:: Exercise instructions ::
At the line containing "Nelli Blu Portachiavi Blu 3084007", begin an exact copy, and continue through the last line of the entries below. Leave out any pictures.

Data supplied Block Start

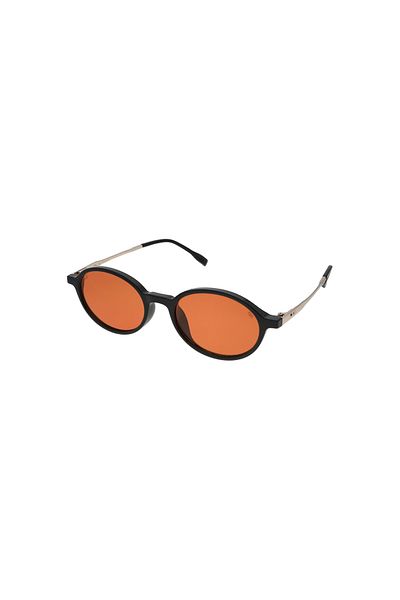 Belmond B1203.C1 Women's Belmond Sunglasses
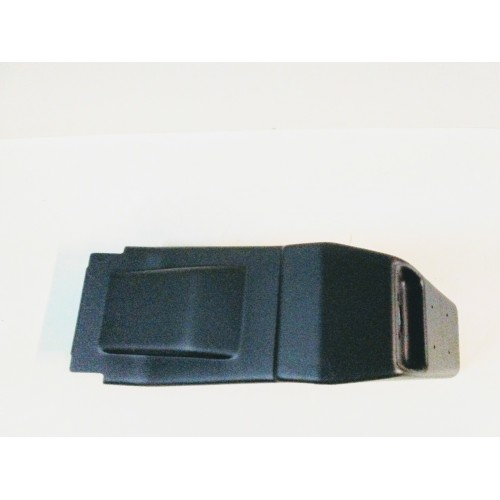 PARAFANGHI-Parafango Posteriore per Moto Guzzi V35 V65 TT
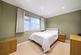 Additional image 11 of Quernmore Close, Bromley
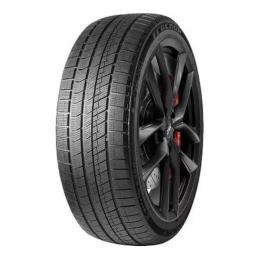 Tracmax X-Privilo S360 235/55R20 102T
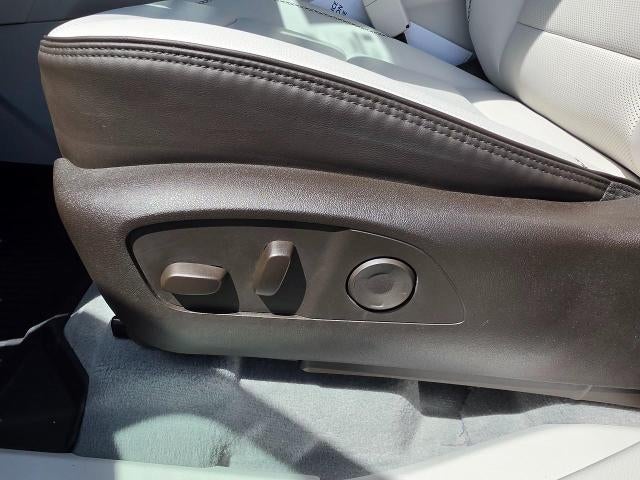 2024 GMC Acadia AWD 4dr Denali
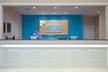 Holiday Inn Club Vacations South Beach Resort by IHG - Second Medium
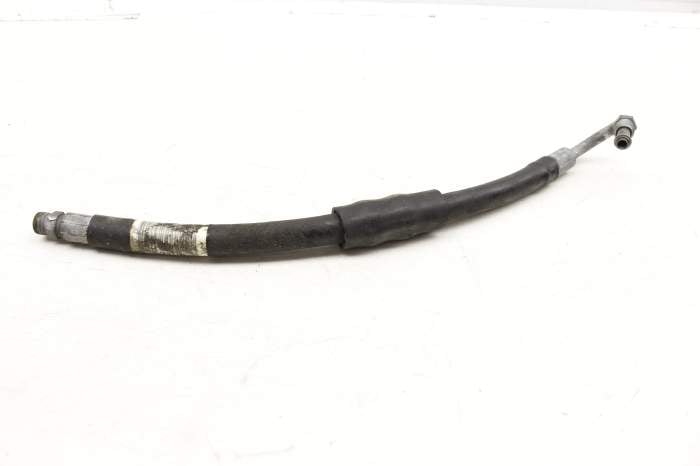 Power Steering Hose / Line 8K0422893E main product photo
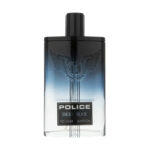 عطر مردانه دیپ بلو پلیس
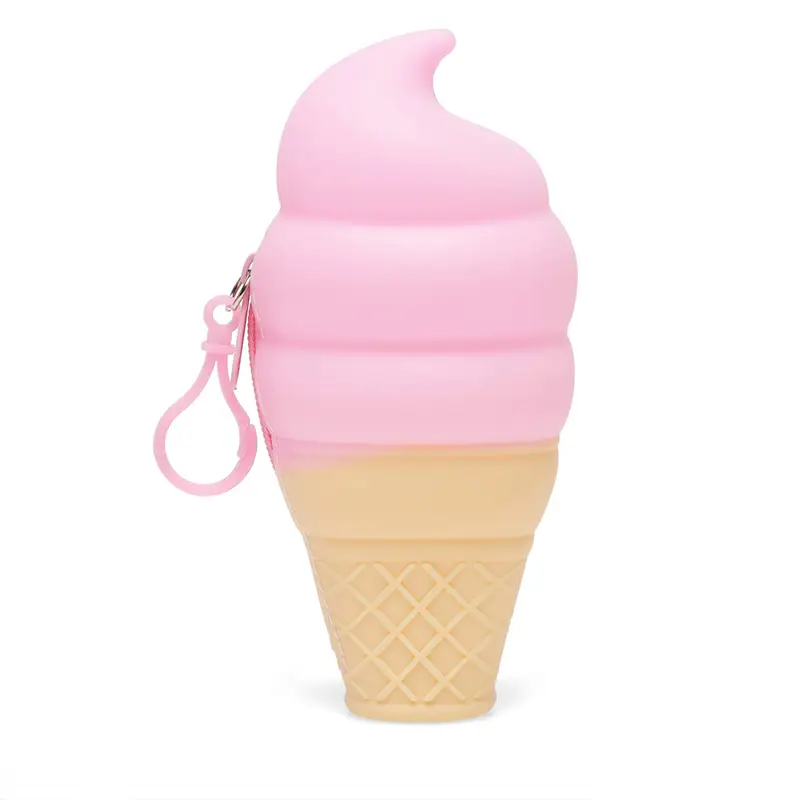 Nelli Blu Portachiavi Blu 3084007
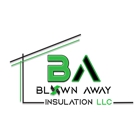 Blown Away Insulation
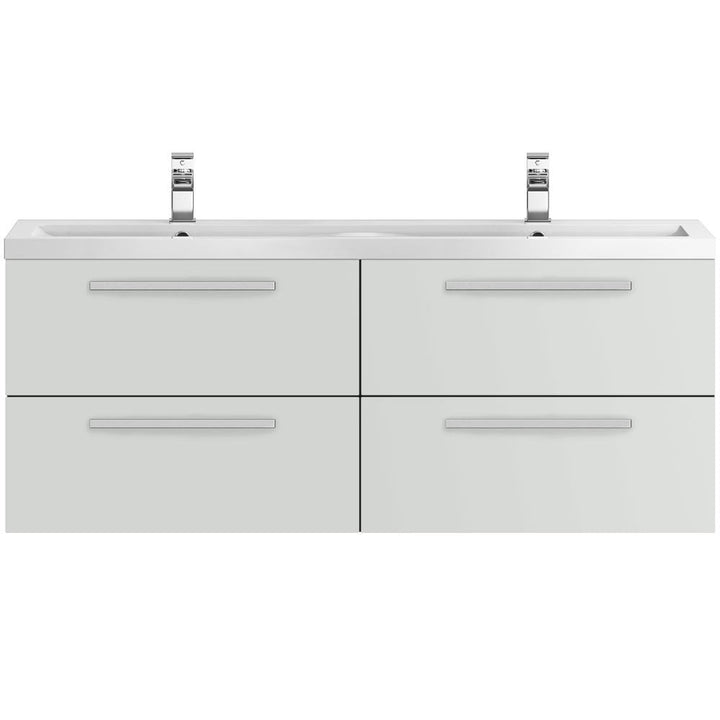 hudson-reed-quartet-gloss-grey-mist-1440mm-double-cabinet--basin-qua015-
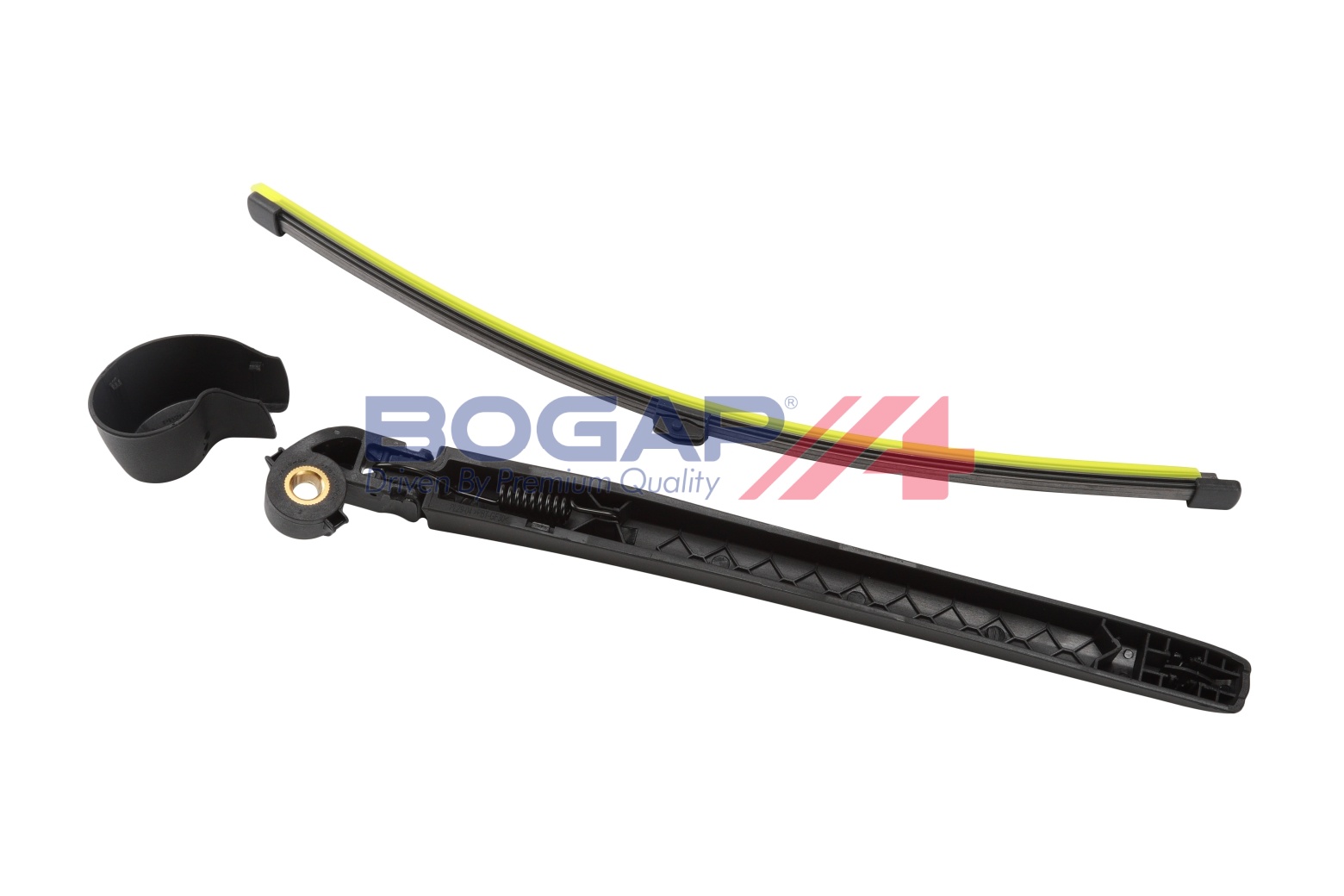 Rameno stierača skiel BOGAP GmbH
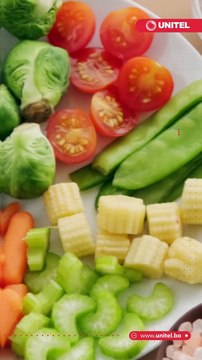 ¿Conoces realmente cómo trabaja nuestro hígado?, hoy te contamos cómo trabaja este órgano increíble vital para gozar de una salud plena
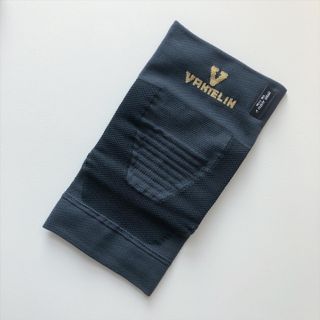 torius님이 올린 리뷰 사진 2
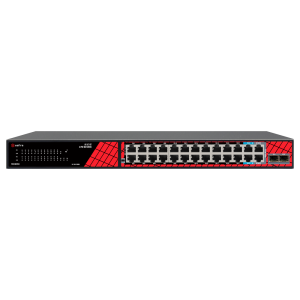 SF-SW2824HIPOE-MF-300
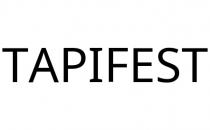 TAPIFEST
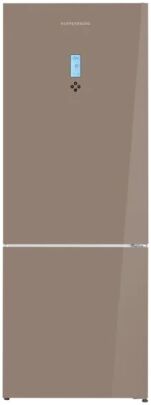  Kuppersberg NRV 192 BRG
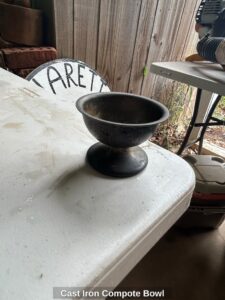 Cast-Iron-Compote-Bowl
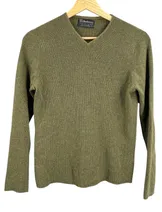 Sweaters & Knits image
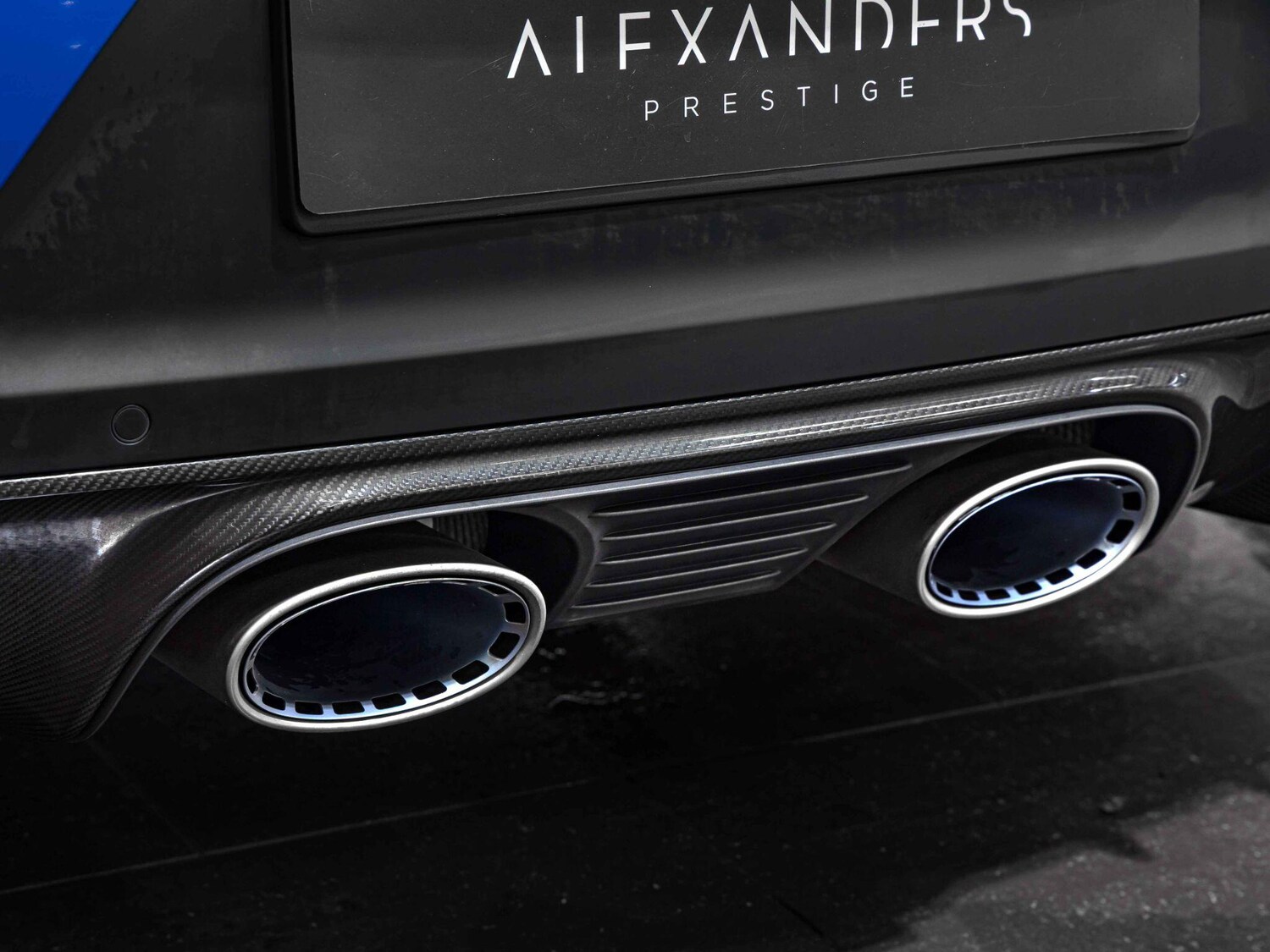 Used Porsche Cayenne for sale - 76370173: Photo 29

Data supplied Block End

:: Answer for this exercise ::
 Nelli Blu Portachiavi Blu 3084007
 Blown Away Insulation
 hudson-reed-quartet-gloss-grey-mist-1440mm-double-cabinet--basin-qua015-
 Rameno stierača skiel BOGAP GmbH
 ¿Conoces realmente cómo trabaja nuestro hígado?, hoy te contamos cómo trabaja este órgano increíble vital para gozar de una salud plena
 torius님이 올린 리뷰 사진 2
 SF-SW2824HIPOE-MF-300
 TAPIFEST
  Kuppersberg NRV 192 BRG
 Cast-Iron-Compote-Bowl
 Sweaters & Knits image
 Used Porsche Cayenne for sale - 76370173: Photo 29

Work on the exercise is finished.